However, there is an epilogue that explains the true outcome, as told by the omniscient author himself.
Linder
knew about his wife's affair, and she in fact did commit suicide.
Linder intended to get revenge by framing Stiles for attempted murder,
and Phong and Monica were both in on it. Monica would rig the butler's
button to fire a shot at him from a gun hidden in the clock and blow up
the window to make it seem like a shot was fired through it. Linder
would summon Stiles to his office at night, and just as he approached,
hit the button to pin it on him. You, the detective, were to witness the
attempt on his life. Phong would plant an identical handgun in the mud
to further implicate Stiles. Monica, however, who blamed her father for
pushing her mother to suicide, aimed the gun at where his heart would
be, and left everything else according to the original plan, causing
Stiles to be framed for an actual murder instead of an attempted one.
This
plan, frankly, is really dumb, and as my partner puts it, has more
holes than a colander. How could Linder be sure the bullet from the
clock wouldn't kill him? How could Monica be sure the bullet from the
clock would kill him? The heart's a small target and people move.
An autopsy should have also revealed that the entrance wound was in his
back, and therefore could not have been fired through the window.
Ballistics would find that the bullet didn't match the gun planted on
Stiles, and find the lack of rifling marks altogether suspicious. And
the evidence of this scheme - the gunpowder on the keyhole, and the
wires and plastique debris found in the window, are pretty obvious and
indiscreet.
GAB rating: Above Average. The Witness
obviously follows the template of Deadline, and inherits its good
qualities - its full realization of the interactive detective novel with
evidence and snooping around, the independent actors in the story who
walk around and do things both of their own accord and in response to
your actions, and Infocom's best in class parser and decent writing and
worldbuilding, which isn't quite up to par with the best the team had
offered, but still beats out anything by any other developer seen yet.
And Deadline's biggest problem - the obscurity of its solution - is
alleviated. The solution here may be narrow, but no part of it is as
unreasonable as Deadline's. Only establishing motive - achieved by
questioning Monica about her father at just the right time - feels
arbitrary.
But in being reasonable to solve, The Witness goes a
little too far in the other direction and feels kind of trivial. When I
solved the case, it felt like I had played an interactive Two Minute
Mystery. Deadline wasn't exactly a doorstopper, but The Witness makes it
look like The Big Sleep. The clock is a gun, his daughter somewhat
resents him, and she has the key. Case closed, zero pipe problem.
What
really bothers me, though, is how so much evidence indicates a
conspiracy bigger than the patricide we see in the official resolution,
and the game's true conclusion doesn't acknowledge any of it except in a
tacked-on epilogue that explains What Really Happened.

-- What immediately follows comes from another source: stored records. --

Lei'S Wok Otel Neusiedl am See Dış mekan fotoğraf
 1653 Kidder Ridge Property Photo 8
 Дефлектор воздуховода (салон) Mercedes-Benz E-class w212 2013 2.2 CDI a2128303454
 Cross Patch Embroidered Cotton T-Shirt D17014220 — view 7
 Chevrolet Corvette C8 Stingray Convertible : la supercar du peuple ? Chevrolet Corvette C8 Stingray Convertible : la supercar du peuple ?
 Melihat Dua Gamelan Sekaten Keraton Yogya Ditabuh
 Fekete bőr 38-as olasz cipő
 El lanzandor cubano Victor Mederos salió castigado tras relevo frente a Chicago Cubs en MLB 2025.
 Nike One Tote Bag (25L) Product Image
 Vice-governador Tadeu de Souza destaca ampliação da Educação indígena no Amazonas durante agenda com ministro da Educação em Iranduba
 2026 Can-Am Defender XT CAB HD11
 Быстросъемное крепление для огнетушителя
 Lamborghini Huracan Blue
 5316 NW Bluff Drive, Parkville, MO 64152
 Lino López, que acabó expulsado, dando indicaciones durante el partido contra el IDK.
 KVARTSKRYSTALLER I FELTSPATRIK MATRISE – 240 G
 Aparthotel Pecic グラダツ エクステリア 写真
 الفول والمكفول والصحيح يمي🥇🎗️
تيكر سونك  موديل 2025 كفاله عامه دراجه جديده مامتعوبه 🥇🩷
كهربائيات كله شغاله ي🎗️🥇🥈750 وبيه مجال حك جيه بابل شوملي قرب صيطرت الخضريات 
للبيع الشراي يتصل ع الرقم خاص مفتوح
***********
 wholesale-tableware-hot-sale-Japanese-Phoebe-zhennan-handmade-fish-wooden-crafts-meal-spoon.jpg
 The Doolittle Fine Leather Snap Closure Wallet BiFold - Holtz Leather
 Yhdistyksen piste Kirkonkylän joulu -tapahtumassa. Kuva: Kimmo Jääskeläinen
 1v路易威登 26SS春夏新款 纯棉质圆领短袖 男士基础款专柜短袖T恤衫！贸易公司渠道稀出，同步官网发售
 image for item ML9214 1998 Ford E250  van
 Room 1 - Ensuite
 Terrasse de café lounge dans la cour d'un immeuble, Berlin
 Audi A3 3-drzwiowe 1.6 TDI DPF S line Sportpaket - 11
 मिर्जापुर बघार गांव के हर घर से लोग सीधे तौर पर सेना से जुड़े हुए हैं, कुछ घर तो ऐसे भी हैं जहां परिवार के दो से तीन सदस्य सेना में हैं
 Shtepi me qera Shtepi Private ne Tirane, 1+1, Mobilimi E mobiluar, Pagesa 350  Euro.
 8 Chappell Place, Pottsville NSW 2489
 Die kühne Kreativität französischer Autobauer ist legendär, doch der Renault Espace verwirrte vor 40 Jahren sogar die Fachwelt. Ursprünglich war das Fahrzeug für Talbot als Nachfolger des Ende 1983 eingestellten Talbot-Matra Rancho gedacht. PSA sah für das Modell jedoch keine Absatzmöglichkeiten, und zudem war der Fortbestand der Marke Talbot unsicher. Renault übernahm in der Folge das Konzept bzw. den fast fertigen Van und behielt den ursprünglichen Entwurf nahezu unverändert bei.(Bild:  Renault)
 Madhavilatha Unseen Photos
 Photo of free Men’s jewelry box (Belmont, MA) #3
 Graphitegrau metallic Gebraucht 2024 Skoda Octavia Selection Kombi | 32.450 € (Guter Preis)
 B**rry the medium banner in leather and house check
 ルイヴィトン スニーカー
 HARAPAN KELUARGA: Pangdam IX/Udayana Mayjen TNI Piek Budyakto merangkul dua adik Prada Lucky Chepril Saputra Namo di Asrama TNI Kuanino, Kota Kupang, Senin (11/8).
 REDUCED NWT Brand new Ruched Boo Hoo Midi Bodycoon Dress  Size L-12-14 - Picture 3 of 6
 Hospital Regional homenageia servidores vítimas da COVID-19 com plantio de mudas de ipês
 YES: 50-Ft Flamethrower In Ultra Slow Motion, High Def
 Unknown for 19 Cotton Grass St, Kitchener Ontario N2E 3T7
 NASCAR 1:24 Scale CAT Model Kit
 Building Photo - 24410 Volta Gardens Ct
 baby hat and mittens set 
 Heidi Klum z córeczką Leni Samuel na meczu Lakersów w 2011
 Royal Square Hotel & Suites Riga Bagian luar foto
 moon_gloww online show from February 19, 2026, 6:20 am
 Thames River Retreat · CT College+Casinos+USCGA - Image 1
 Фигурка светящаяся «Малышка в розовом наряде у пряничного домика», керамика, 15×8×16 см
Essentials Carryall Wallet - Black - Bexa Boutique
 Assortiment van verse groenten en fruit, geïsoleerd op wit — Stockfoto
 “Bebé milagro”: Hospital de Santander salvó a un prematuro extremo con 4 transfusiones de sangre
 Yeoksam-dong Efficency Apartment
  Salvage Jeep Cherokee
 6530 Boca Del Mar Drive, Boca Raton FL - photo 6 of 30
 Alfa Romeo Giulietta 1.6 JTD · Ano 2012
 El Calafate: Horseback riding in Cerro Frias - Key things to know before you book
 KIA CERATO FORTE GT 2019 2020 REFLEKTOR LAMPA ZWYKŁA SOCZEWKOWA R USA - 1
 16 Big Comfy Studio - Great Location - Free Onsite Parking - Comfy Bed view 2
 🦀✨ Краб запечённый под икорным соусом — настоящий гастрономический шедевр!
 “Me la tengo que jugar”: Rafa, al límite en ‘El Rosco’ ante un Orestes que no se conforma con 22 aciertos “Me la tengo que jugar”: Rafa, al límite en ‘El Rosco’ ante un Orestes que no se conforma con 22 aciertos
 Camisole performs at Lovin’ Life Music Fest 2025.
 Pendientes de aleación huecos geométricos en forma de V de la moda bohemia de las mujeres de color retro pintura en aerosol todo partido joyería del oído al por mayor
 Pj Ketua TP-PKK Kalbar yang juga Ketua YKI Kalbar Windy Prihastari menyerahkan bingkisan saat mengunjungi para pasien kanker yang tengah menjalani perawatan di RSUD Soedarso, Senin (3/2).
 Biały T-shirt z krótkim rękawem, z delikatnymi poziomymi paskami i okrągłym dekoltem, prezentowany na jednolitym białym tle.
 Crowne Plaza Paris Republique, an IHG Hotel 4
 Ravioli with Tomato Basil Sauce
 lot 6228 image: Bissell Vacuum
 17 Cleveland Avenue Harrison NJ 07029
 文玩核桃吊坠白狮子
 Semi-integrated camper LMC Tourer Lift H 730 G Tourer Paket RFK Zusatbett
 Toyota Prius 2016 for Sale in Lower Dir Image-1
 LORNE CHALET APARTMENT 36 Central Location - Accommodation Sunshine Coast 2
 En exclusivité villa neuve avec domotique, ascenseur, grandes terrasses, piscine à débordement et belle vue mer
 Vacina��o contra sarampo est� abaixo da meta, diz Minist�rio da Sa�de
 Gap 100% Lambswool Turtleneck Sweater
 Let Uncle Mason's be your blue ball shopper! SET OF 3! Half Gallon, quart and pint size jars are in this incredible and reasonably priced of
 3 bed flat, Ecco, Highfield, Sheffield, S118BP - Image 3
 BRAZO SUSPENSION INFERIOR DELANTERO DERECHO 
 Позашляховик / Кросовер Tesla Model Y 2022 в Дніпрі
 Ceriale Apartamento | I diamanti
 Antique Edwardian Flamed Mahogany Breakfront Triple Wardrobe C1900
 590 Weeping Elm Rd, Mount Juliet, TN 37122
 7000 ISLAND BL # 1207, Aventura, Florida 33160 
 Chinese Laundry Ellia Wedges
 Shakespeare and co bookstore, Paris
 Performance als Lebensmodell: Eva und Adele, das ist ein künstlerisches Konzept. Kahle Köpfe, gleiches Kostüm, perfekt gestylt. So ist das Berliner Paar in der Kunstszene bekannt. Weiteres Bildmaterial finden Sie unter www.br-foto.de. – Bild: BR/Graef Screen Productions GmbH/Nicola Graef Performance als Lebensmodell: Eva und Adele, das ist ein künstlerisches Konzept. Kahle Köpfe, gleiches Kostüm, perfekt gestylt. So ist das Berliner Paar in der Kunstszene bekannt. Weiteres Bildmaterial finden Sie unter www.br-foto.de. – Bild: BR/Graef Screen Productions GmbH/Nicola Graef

Your detective
character never truly solves the mystery, and none of the evidence you
find except for the few pieces that convict Monica serve any purpose
except as a mental exercise for you, the player. Linder's suspicious
behavior, the traces of the bomb in the window, the guns, the receipt
for the guns, all pointless as far as the game is concerned. Even the
matchbook, suicide note, and newspaper that come with the game are
completely irrelevant! It lends the impression of an unfinished game,
where you were supposed to be able to solve the real mystery, but they
just didn't have time or perhaps space to implement this. Deadline gave
you a different ending depending on whether you merely nailed your
suspect on circumstantial evidence or truly busted the case wide open,
so why not this one too?
I discovered on a replay that it is possible to reveal
the conspiracy. And you're punished for it. As I mentioned before, if
you show the muddy gun to Monica after accusing her, she'll finger
Phong. But then I discovered that If you ask Phong about the gunpowder,
he'll reveal the plot and confess his role in it.
If you've met
the conditions necessary to convict Monica, and you are also possessing
the gun receipt (it must be removed from the book for this to work),
then you may arrest both Monica and Phong. Phong confesses to the
frame-up scheme, insists that the intent was never deadly, and Monica
somehow gets a slap on the wrist from a plea deal and avoids a murder
charge. Their in-game confessions are immaterial to the ultimate
outcome. Your supervisor laments that we failed to uncover the full
truth, even though this is the only ending where we absolutely did.
Arghhh!
In spite of my reservations concerning The Witness'
storyline and brevity, I could see myself rating it Good if only it were
a little more complete, and the hierarchy of endings reworked a bit. Convicting Monica as a lone actor should have given you congratulations but prompted you to did a little bit deeper, because the moment I did that and realized this shallow outcome was the "true" solution annoyed me to the point of dissatisfaction. The criteria for convicting both Phong and Monica could have been a little better thought out, but more importantly, should have included one where Monica's full culpability in the plot is proven, and this should have been the true ending.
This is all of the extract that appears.